ML: It is true that a lot of the way food is sold or promoted in our society has to do with health. But if we start looking at all the things food does for us (working in the dirt, tending seedlings, time together with family preparing a meal), then people can kind of calm down and begin to examine how else their food feeds them, beyond just nutrition. 

GG: You live in Asheville, North Carolina, which is a pretty progressive community and certainly one that embraces you and your passion. 

ML: The land and the connection to the land that are so prevalent here and has been huge for me and the reasons I stayed. I was an urban kid growing up in Louisville, Kentucky with no sense of where my food came from. Coming to Asheville, I was awakened to all of this. And what is so close—wilderness, hiking, paddling, climbing, farming, gardening, and wild space—is just part of the experience here. 

GG: How does Asheville feed you, and what do you get from the Asheville experience?

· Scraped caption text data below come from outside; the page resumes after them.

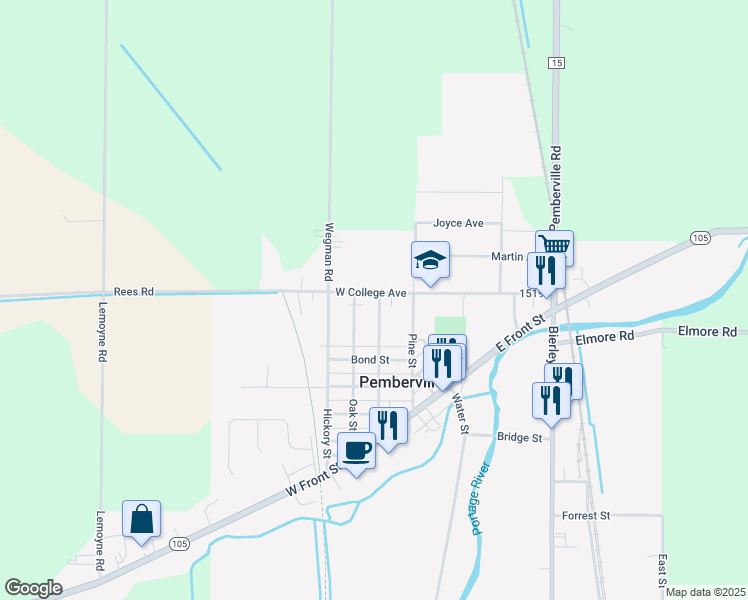 map of restaurants, bars, coffee shops, grocery stores, and more near 446 Maple Street in Pemberville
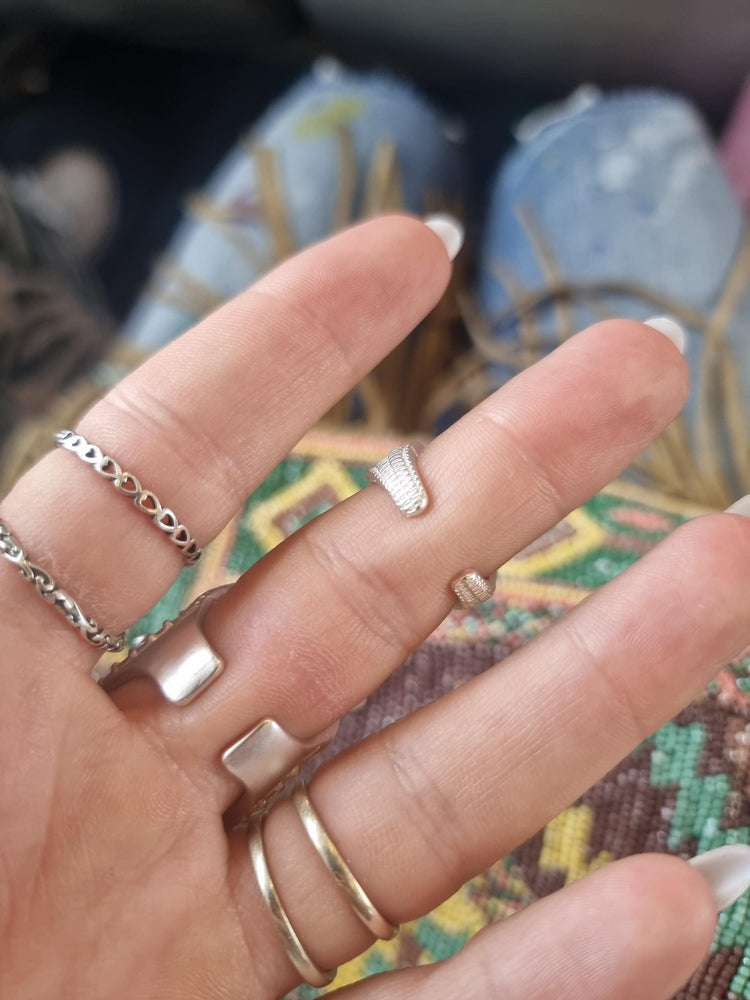 Indian tribal silver full finger ring double statement bells ethnic boho hippie adjustable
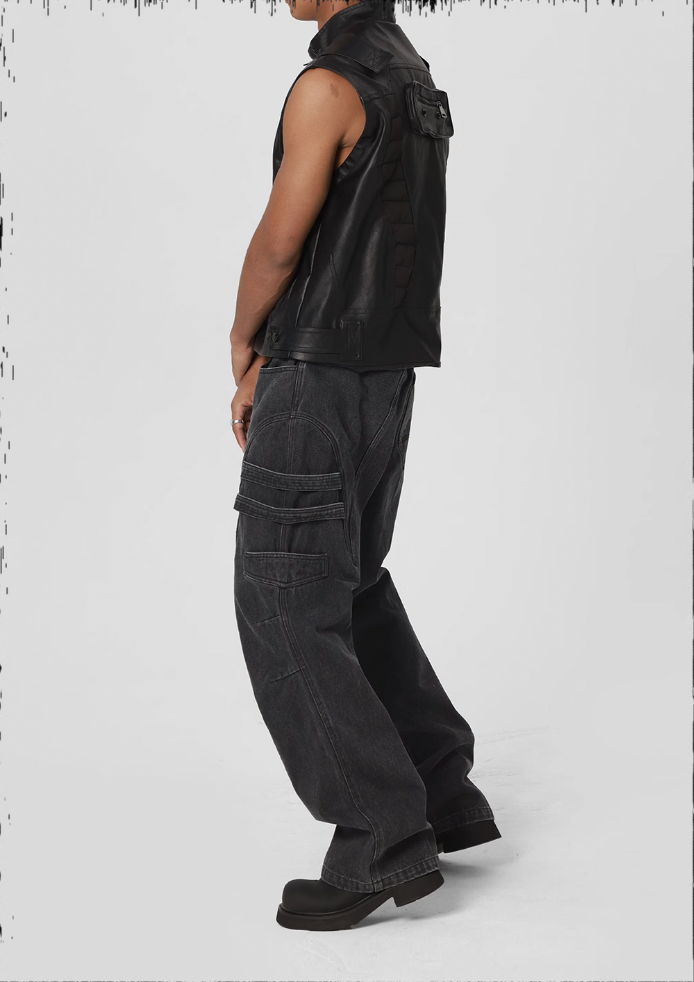 JHYQ Side Strap Work Wash Denim Jeans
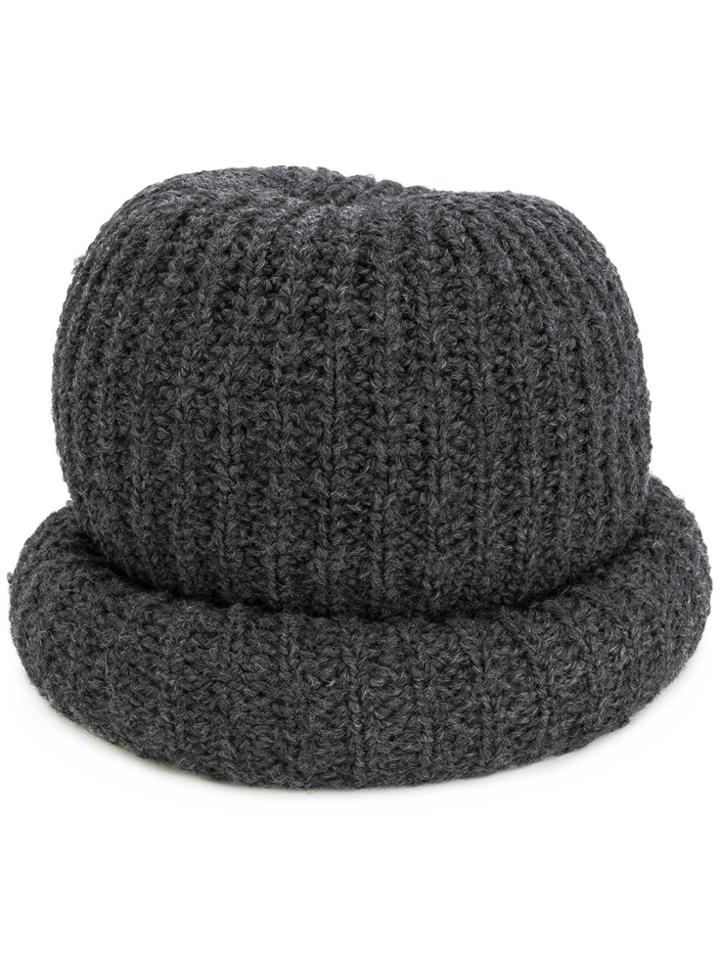 Marc Jacobs Ribbed Turned-up Hem Beanie - Grey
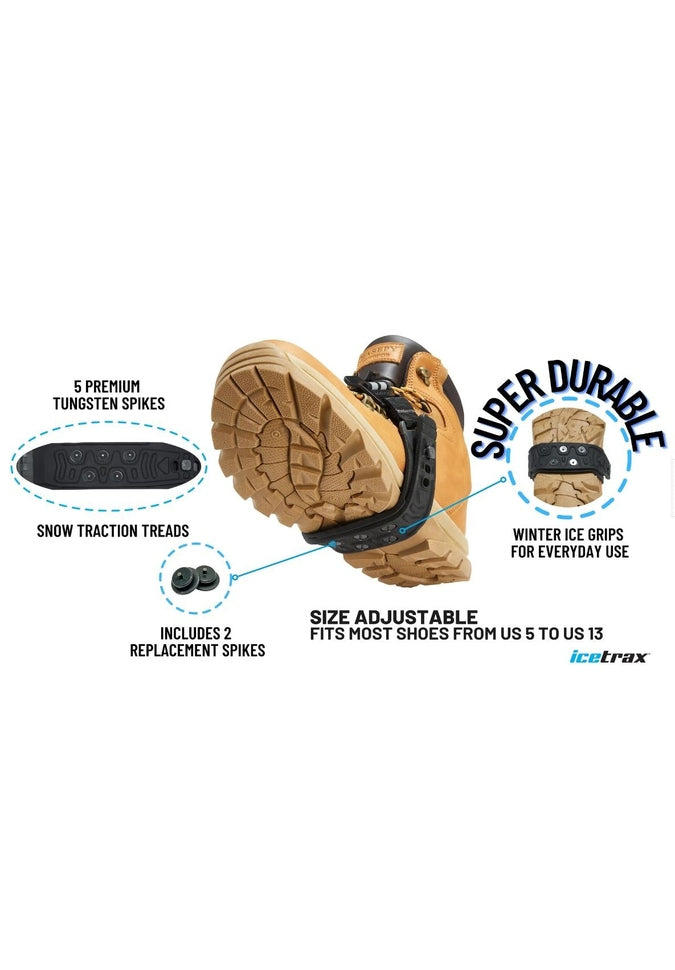 Icetrax Midflip Mid Sole Ice Cleats - Non-Slip Traction for Winter Boots | Perfect for Hiking, Running & Snowy Commutes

ML: All the food businesses and entrepreneurs here are very inspiring. I have the ability to work with many of them through board service and collaborative educational initiatives that go on here, but there are a lot of really savvy business people here who are trying to create small-scale economies in good food. It is inspirational and experiential and a way of not only practicing what we want to see happen but also troubleshooting the way we make food better. It is a great community for someone like me to live in because it is my business to be looking, thinking, and talking about all of that.